Seither muss Christel Fröhlich jeden Morgen zur Unterschrift auf der Île de la Cité erscheinen. Die tägliche Kontrolle im Hauptgericht gehört zu den besonderen Schikanen, die sich Richter Bruguière für die langjährige Untersuchungsgefangene ausgedacht hat. Sie darf auch Paris nicht verlassen und keinen Kontakt zu bestimmten Personen aufnehmen. Ihre Anwältin Isabelle Coutant-Peyre hat Berufung gegen diese Auflagen eingelegt. Sie nennt sie einen „Skandal“ und eine „neue Manipulation“ des Richters, der sich vorbehalte, Christel Fröhlich jederzeit erneut zu inhaftieren.
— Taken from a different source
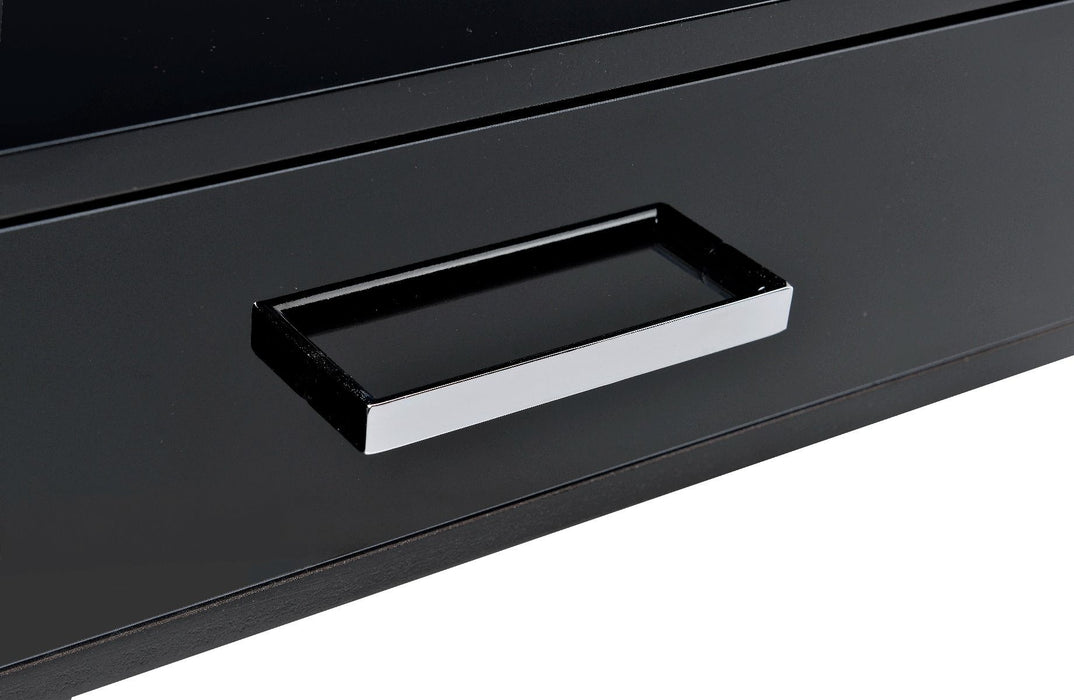 Coleen - Desk - Black High Gloss & Chrome Finish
Bruguière hält Christel Fröhlich für die „blonde Frau“, die in Jugoslawien den Opel Kadett besorgte, der bei dem Attentat in der Pariser Rue Marbeuf als Bombendepot diente. Doch 18 Jahre nach dem Attentat, bei dem eine Frau umkam und 63 Menschen verletzt wurden, fehlen ihm offenbar immer noch Beweise.
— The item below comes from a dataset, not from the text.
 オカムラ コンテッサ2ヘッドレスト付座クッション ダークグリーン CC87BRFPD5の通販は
Stattdessen liegen Dementis vor. Eines von der damaligen „Carlos“-Gattin Magdalena Knopp, gegen die an jenem Apriltag 1982, als die Bombe in der Rue Marbeuf explodierte, ein Prozess in Paris eröffnet wurde. Und eines von Christel Fröhlich selbst. Ganz am Anfang ihrer Untersuchungshaft erklärte sie: „Mit dieser Sache habe ich nichts zu tun – weder politisch noch persönlich.“ Seither schweigt Christel Fröhlich so hartnäckig, wie schon in Italien, wo sie in den 80er-Jahren sechseinhalb Jahre absaß, nachdem sie mit Sprengstoff und falschen Papieren verhaftet worden war. Und wie in Deutschland, wo ihr jedoch nie die Mitgliedschaft und Rädelsführerschaft in einer „terroristischen Organisation“ – gemeint waren die Revolutionären Zellen – nachgewiesen werden konnte.
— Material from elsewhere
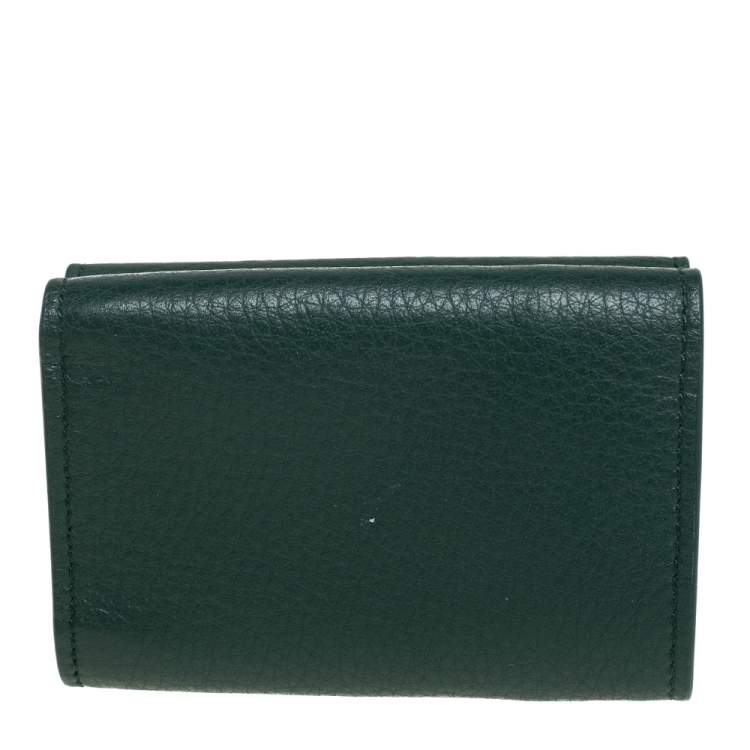 Pre Owned Balenciaga Vert Sauge Leather Mini Papier Wallet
Bei den Verhören las Richter Bruguière seine Fragen vom Blatt ab. Christel Fröhlich, die ihn weder besonders gut vorbereitet noch besonders brillant fand, machte als seine Hauptinformationsquelle Akten der Geheimdienste früherer sozialistischer Staaten Osteuropas aus. Vor allem aus Ungarn und der DDR.

Die Ermittlungen in Paris verärgerten zuletzt auch das Auswärtige Amt in Berlin. Via Deutsche Botschaft in Paris drängte es auf ein schnelles Verfahren. Im vergangenen Jahr schließlich reichte ein Anwalt von Christel Fröhlich Beschwerde beim Europäischen Gerichtshof für Menschenrechte ein.

Verfahrenstricks und brachiale Methoden gehören zu den Spezialitäten Bruguières. Sein dickstes Dossier füllt der Venezolaner Ilitsch Ramírez Sánchez alias „Carlos“. Das Visavis mit dem „Top-Terroristen“ verdankt der Richter einer spektakulären Operation französischer Geheimdienste. Im Sommer 1994 spürten sie „Carlos“ im Sudan auf, betäubten ihn mit einer Spritze und entführten ihn nach Paris. Zwar bekam er dort wegen Polizistenmordes „lebenslänglich“. Doch bei den Ermittlungen über zahlreiche Attentate der 70er und 80er, die „Carlos“ zur Last gelegt werden – darunter jenes von der Rue Marbeuf – kommt der Richter nicht voran. In Zweifelsfall lässt er verlauten, er stehe „kurz vor der Aufklärung“.

Seit dem 1. Januar dieses Jahres kommt dem Richter das neue Gesetz „über die Unschuldsvermutung“ in die Quere. Erstmals setzt es eine Obergrenze für die Untersuchungshaft fest. Wenn nach vier Jahren nicht genug Beweise für eine Anklageerhebung vorliegen, müssen Häftlinge freigelassen werden. Außer Frankreich und Italien haben EU-Länder derartige gesetzliche Obergrenzen. Frankreich ist wegen dieses Mangels vielfach vom Europäischen Gerichtshof für Menschenrechte verurteilt worden.

Um Christel Fröhlich trotz dieses neuen Gesetzes länger in Hand zu halten, stellte Bruguière Ende vergangenen Jahres einen neuen Auslieferungsantrag an Italien. Dieses Mal wegen eines anderen, 18 Jahre zurückliegenden Anschlags auf den Schnellzug „Capitole“ zwischen Paris und Toulouse. Sollte Italien zustimmen, könnte ein neues Ermittlungsverfahren beginnen – und eine neue Untersuchungshaft für Christel Fröhlich.

Sie spricht deswegen auch nur von „halber Freiheit“ und will so schnell wie möglich nach Deutschland. Nach Hannover, zu ihren Freunden und ihrer Arbeit als Deutschlehrerin. Eine Reise nach Italien, wo ihr zu „lebenslänglich“ verurteilter Gatte Sandro Padula, ein Exmitglied der „Roten Brigaden“, derzeit erste Erfahrungen als Freigänger macht, plant sie nicht. Bei ihrem letzten Gefängnisbesuch am 28. Oktober 1995 kam sie dort auf Ersuchen von Richter Bruguière in die Abschiebehaft.